§ Task item
Scan the material below for the string "that", and copy every line where it shows up.

§ Records supplied
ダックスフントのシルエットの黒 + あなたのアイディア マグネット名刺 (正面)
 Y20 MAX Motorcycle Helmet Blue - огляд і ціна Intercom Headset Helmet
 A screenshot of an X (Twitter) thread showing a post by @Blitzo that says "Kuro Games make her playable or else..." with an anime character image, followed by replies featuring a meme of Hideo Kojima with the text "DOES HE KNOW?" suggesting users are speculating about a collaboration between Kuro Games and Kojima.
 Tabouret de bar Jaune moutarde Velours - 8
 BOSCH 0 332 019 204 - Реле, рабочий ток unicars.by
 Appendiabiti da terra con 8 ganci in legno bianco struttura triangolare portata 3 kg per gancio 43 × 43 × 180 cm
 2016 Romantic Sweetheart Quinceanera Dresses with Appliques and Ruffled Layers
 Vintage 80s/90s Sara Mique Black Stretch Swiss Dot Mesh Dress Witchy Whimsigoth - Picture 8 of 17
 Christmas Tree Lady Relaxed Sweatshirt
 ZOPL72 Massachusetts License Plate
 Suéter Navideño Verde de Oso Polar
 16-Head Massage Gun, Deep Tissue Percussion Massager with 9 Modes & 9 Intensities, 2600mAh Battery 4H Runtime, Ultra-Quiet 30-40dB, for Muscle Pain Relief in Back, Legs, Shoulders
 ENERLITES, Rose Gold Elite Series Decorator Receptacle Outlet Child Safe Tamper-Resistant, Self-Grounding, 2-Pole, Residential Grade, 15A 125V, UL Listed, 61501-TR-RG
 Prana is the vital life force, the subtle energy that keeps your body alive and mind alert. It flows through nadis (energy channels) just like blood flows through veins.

§ Task solution
 A screenshot of an X (Twitter) thread showing a post by @Blitzo that says "Kuro Games make her playable or else..." with an anime character image, followed by replies featuring a meme of Hideo Kojima with the text "DOES HE KNOW?" suggesting users are speculating about a collaboration between Kuro Games and Kojima.
 Prana is the vital life force, the subtle energy that keeps your body alive and mind alert. It flows through nadis (energy channels) just like blood flows through veins.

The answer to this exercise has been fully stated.